The West, of course, will send more aid, more air defence systems. But what about the soul? The intellectual decadence of our age, with its obsession with safety and comfort, is no match for the raw brutality of Russian strategy. We talk of sanctions and defensive perimeters, but we forget that war is, at bottom, a contest of wills. The Ukrainians are fighting for their existence. The Russians are fighting for a fantasy of empire. Both are driven by something deeper than territory.
I look at the photograph of the woman, her face smudged with grit, her eyes hollow. She is not broken, not yet. But the missile that tore through her home also tore through her illusions. She now knows that no amount of reconstruction can bring back the dead, or restore the trust that once lived in her heart. That is the real cost of this war: a generation scarred not just by bullets, but by the death of normalcy.

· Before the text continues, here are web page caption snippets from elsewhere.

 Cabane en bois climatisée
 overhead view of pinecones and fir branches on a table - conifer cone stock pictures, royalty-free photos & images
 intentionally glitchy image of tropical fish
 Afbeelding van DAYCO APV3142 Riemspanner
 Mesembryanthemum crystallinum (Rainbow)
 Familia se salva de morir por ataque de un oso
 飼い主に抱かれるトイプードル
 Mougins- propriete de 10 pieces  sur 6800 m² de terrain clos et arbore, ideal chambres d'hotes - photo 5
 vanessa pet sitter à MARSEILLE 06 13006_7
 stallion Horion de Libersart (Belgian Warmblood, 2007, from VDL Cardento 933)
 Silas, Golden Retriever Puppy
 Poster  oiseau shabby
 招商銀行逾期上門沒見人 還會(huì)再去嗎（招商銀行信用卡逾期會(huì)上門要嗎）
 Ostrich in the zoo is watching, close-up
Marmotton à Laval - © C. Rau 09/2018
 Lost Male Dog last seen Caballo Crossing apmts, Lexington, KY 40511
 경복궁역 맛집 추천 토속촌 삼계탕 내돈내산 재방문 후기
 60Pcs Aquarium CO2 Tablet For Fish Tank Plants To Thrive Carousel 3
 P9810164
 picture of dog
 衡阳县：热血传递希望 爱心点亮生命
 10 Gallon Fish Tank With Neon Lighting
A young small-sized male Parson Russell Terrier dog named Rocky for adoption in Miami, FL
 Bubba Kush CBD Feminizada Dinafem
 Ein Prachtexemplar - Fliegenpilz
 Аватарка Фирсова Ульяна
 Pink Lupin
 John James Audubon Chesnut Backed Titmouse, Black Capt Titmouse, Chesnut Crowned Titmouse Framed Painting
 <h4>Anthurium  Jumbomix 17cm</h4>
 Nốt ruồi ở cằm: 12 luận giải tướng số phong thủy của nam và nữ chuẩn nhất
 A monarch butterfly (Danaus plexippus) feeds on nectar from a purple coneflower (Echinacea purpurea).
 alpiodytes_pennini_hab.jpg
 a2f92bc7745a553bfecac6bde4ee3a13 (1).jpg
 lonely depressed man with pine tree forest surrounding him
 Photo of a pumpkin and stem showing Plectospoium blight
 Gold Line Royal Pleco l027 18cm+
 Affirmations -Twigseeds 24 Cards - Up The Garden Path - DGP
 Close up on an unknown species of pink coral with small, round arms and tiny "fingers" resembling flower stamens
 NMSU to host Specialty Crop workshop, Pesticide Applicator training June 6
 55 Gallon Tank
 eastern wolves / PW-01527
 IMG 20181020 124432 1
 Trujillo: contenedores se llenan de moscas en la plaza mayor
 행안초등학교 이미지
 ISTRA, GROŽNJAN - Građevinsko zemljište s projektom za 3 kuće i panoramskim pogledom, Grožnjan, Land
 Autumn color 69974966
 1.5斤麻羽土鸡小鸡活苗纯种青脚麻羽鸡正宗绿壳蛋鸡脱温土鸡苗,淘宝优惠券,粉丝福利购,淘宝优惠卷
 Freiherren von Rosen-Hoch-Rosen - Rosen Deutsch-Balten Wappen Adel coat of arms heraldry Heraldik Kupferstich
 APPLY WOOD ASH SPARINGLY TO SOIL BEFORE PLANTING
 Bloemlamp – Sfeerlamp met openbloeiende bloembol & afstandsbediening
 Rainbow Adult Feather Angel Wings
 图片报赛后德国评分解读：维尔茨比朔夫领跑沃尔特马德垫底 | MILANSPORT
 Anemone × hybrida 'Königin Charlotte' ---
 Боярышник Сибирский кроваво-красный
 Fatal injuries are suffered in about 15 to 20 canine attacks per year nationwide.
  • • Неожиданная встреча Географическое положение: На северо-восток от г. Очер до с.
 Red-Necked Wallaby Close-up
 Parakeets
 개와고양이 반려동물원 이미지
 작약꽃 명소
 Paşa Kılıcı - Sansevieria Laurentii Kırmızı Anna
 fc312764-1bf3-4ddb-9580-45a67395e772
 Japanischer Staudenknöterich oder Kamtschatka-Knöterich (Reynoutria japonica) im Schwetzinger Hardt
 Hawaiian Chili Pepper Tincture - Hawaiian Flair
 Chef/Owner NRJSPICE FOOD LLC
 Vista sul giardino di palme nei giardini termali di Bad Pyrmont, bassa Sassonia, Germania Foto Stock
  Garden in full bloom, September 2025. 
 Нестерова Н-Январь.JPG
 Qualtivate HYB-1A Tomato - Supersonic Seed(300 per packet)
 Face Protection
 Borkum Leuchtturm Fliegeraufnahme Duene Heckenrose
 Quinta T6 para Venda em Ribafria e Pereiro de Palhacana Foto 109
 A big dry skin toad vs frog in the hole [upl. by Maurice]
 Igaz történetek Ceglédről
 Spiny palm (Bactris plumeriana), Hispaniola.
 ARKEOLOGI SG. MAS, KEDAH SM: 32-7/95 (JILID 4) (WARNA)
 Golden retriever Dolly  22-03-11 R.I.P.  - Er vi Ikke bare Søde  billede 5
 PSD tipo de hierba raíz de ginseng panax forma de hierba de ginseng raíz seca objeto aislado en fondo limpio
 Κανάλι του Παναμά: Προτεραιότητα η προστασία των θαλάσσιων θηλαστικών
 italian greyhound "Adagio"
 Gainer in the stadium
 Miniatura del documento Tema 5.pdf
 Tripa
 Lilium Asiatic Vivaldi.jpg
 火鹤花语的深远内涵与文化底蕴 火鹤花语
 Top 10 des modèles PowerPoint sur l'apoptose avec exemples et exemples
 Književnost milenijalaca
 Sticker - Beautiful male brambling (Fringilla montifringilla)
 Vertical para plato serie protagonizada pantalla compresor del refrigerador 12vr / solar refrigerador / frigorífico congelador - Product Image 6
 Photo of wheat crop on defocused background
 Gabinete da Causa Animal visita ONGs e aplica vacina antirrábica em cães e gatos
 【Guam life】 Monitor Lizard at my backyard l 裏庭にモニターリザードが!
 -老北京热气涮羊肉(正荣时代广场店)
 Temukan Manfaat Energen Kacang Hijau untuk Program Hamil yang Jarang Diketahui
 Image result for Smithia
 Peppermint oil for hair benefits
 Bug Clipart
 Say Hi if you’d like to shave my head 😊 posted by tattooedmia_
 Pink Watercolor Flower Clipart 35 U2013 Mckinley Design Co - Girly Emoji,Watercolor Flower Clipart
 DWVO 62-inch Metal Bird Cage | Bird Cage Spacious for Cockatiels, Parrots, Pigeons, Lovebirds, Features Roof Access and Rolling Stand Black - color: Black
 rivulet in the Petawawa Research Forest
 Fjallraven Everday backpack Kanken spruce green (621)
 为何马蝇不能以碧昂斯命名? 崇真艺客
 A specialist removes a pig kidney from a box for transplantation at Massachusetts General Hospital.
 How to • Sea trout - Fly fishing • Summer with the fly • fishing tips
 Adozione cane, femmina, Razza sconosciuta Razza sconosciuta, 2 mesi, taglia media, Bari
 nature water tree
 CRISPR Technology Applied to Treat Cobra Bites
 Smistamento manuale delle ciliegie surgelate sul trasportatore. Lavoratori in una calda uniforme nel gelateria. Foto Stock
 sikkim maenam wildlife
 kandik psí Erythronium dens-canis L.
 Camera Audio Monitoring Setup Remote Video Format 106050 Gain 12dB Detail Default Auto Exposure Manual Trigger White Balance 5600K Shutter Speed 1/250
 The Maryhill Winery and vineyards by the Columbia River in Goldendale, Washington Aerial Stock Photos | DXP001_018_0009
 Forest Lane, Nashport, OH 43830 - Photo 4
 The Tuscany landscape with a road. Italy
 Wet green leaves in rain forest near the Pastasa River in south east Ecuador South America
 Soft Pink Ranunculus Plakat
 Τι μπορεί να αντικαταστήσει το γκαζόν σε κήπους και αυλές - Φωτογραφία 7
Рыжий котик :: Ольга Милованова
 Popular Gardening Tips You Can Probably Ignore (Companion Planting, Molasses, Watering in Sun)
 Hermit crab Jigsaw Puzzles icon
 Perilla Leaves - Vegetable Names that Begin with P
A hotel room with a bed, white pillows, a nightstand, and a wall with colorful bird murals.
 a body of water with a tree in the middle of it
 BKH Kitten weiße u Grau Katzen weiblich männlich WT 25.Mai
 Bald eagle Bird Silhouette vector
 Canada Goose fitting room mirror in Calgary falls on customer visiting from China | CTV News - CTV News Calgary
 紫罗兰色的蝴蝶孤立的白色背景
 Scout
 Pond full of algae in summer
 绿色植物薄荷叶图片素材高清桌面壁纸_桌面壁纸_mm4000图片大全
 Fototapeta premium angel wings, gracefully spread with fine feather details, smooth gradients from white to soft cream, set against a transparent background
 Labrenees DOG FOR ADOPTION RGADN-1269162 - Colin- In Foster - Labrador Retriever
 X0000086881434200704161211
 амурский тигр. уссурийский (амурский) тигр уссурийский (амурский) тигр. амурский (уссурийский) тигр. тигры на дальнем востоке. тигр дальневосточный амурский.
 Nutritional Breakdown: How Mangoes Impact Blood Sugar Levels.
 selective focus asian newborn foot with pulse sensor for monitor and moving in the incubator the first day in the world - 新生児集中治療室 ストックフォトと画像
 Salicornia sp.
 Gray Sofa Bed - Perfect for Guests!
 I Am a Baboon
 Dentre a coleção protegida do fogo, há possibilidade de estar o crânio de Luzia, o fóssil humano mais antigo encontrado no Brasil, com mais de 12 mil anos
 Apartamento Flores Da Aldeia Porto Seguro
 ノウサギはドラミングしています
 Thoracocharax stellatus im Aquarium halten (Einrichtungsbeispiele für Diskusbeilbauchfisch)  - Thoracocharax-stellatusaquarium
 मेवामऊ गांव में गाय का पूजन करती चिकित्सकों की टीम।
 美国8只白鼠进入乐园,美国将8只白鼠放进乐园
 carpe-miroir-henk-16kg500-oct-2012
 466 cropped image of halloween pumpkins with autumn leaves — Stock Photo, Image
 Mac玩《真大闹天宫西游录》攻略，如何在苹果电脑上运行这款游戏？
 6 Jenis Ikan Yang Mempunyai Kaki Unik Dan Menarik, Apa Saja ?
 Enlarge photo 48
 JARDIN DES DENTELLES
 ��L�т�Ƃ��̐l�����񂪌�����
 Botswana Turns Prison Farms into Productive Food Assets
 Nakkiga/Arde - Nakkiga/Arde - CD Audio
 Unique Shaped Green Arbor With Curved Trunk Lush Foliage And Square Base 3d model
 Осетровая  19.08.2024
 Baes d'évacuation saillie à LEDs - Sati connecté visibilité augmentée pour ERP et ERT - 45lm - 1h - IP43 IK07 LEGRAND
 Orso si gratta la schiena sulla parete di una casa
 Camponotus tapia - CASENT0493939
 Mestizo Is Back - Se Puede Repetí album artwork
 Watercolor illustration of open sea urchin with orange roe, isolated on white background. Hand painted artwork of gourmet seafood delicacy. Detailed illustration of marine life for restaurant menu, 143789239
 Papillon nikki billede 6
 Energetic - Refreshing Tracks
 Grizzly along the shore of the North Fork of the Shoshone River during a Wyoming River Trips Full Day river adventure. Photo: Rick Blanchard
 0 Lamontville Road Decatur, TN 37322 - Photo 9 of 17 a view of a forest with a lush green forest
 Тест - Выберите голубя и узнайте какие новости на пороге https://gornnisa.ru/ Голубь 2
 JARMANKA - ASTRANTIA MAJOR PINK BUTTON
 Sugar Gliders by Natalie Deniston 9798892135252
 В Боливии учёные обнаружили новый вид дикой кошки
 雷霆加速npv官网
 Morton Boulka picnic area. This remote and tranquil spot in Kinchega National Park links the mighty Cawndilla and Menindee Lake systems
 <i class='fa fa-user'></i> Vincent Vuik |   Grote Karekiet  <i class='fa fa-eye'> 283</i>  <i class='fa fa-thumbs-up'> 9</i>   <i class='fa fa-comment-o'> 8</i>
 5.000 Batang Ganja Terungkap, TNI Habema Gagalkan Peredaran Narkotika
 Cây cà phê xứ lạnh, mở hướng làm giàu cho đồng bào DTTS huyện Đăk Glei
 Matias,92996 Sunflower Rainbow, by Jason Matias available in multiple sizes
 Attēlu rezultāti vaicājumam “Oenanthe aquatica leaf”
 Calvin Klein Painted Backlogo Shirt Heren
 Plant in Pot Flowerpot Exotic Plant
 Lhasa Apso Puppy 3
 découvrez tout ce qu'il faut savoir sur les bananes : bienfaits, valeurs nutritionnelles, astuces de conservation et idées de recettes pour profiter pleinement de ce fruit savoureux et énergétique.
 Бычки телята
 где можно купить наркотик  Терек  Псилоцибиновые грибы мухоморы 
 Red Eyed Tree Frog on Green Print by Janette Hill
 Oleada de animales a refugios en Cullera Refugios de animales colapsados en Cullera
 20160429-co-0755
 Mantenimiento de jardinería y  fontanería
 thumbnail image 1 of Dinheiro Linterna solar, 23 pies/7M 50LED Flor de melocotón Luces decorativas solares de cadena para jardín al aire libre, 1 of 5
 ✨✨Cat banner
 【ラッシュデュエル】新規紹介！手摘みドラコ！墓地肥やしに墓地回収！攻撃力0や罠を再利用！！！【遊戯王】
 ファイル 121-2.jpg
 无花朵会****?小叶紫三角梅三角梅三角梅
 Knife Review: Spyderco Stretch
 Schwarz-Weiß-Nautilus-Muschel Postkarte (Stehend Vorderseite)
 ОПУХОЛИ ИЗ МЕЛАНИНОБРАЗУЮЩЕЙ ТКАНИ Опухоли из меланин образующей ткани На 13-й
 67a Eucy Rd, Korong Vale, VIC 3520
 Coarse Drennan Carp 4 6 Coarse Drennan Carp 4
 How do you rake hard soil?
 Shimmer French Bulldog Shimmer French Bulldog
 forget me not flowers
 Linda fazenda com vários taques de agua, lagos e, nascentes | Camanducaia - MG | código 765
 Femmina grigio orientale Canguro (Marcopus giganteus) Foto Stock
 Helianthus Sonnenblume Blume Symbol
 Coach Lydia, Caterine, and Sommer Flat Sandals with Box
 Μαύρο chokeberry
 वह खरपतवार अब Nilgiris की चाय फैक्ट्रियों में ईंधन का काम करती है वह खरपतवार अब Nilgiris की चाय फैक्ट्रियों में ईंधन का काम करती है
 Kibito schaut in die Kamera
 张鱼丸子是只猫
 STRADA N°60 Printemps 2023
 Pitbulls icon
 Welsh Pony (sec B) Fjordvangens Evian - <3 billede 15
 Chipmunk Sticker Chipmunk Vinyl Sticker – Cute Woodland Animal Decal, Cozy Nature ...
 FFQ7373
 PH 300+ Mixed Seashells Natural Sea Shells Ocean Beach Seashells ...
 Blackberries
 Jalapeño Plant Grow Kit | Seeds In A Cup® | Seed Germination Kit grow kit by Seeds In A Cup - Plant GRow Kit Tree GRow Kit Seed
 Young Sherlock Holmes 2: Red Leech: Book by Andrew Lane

So what is to be done? We can send more warnings, more condemnations. But as the old saying goes, ‘The best among men are those who are useful to others.’ And the most useful thing we can do now is to remember that Ukraine’s fight is our fight. If the souls break, the rest is mere paperwork. The missiles will keep falling. But so long as the people keep fixing, not just buildings but each other, there is still a chance that the soul will endure. The historians will judge us not by the number of missiles we intercepted, but by the courage we showed in the face of rubble.